- **To do**: Start at the first line below and write out everything verbatim except the pictures.

- **Stored data**:
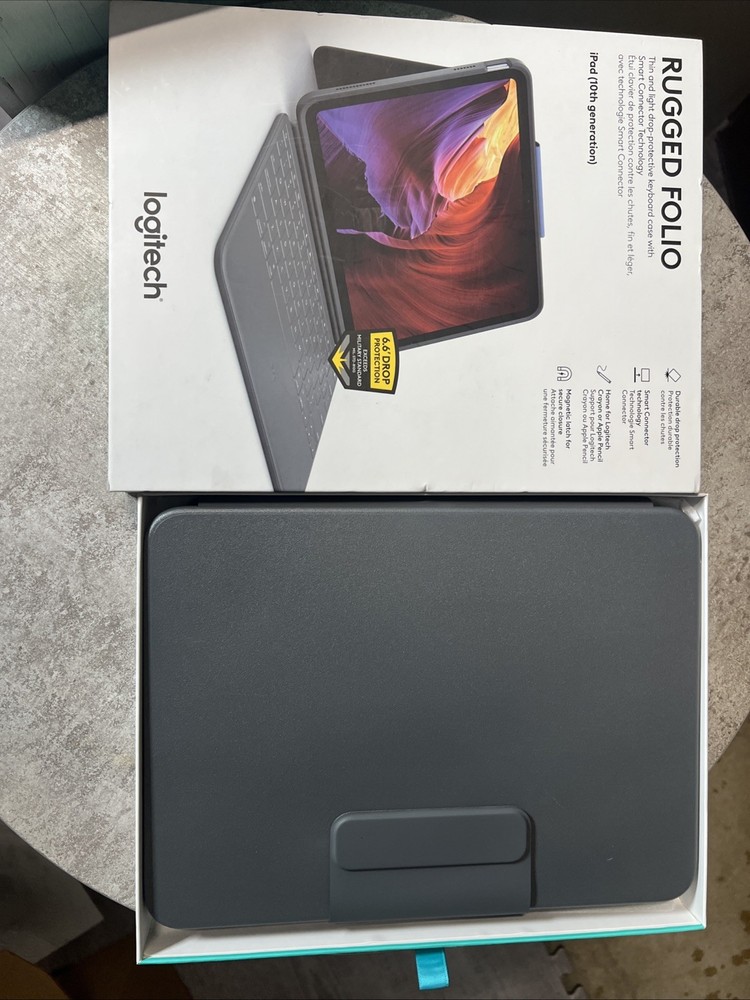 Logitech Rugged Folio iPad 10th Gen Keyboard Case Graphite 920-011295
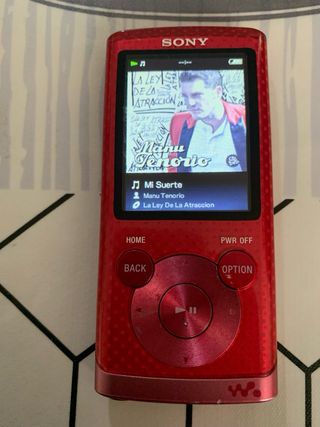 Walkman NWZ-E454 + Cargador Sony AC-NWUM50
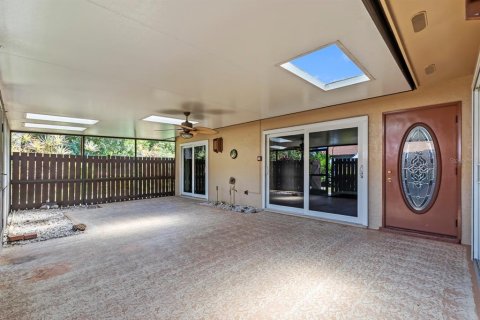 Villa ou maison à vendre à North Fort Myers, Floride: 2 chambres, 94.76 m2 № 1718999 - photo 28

- **Response**:
 Logitech Rugged Folio iPad 10th Gen Keyboard Case Graphite 920-011295
 Walkman NWZ-E454 + Cargador Sony AC-NWUM50
 Villa ou maison à vendre à North Fort Myers, Floride: 2 chambres, 94.76 m2 № 1718999 - photo 28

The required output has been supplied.